"Popa’s subtle and gorgeous second collection (after American Faith) maps the conflicting effects of having “wanted all the world, its beauties,/ and its injuries.” The ecstatic language of these meditations and confessions is animated as much by pain as by joy. Popa, a reviews editor at PW, refuses to disparage the world simply because it does not offer “the good news I had hoped for” and mines childhood for glimmers of hope to light the contemporary darkness with “Full days settled by wildflower and stone.” She also asks for passion and tenderness in love (“Let’s be hungry a little/ while longer. Let’s not hurt each other if we can”) to counter the weight of the pandemic, lifted a little when “Friends fed the day hope/ like a broken fever.” She turns to literature—Milton, Gilgamesh, the Bible—as well as to nature (and even WebMD) for guidance, seeking consolation wherever it may be found. “The wound is where/ the light enters us,” she writes.
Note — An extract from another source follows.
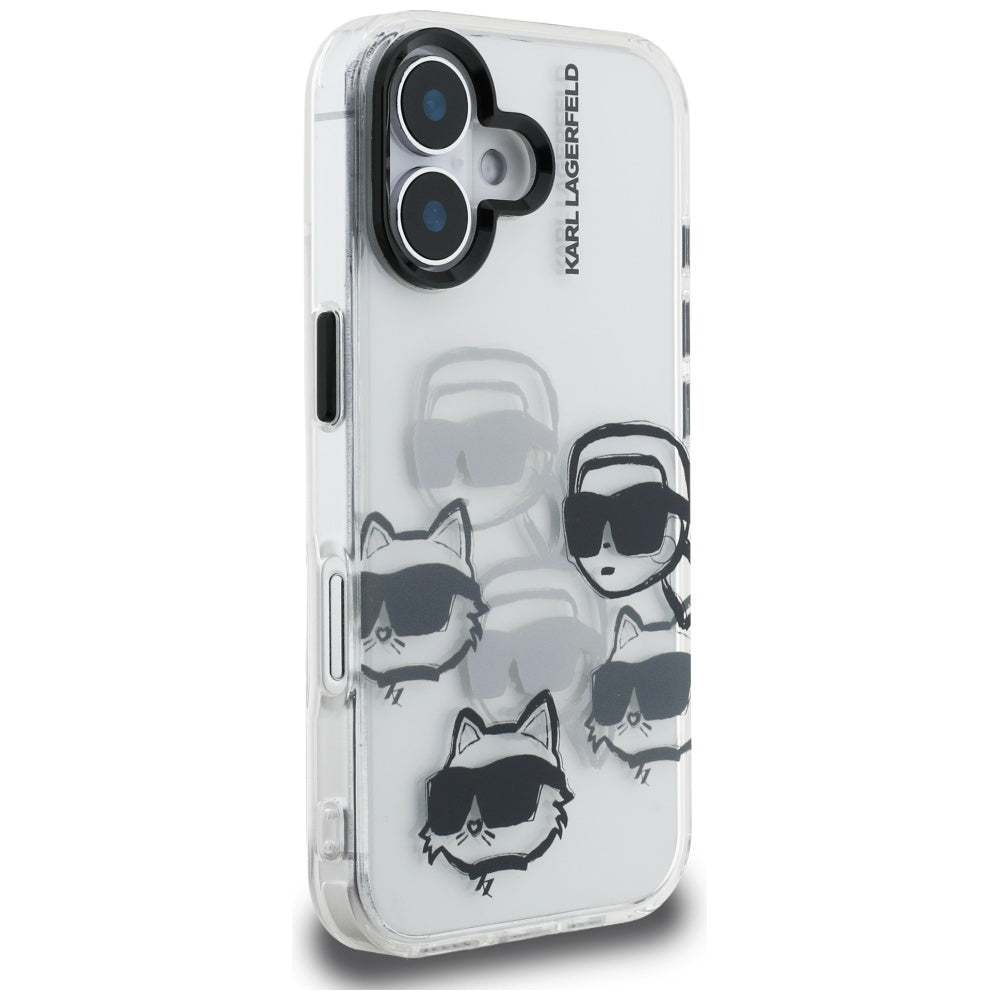 Skyddsfodral för Apple iPhone 16, Karl Lagerfeld, IML Luxury Multi Head Pattern, Transparent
Indeed, in these pages, the truth of each day is brutal but also beautiful."
―Publishers Weekly, starred review
Wound is the Origin of Wonder showcases Popa’s ability to weave together rich internal reflections with finely wrought observations of the natural world. True to its title, Popa’s collection traces the titular emotion all the way back to its origins, shedding light on the wound so that we may look with wonder on the fuller picture that emerges.
― The Harvard Review
In Wound Is the Origin of Wonder, Popa's elegant and moving exploration of grief and its causes and manifestations is more nuanced than simply observing that loss and living go hand-in-hand.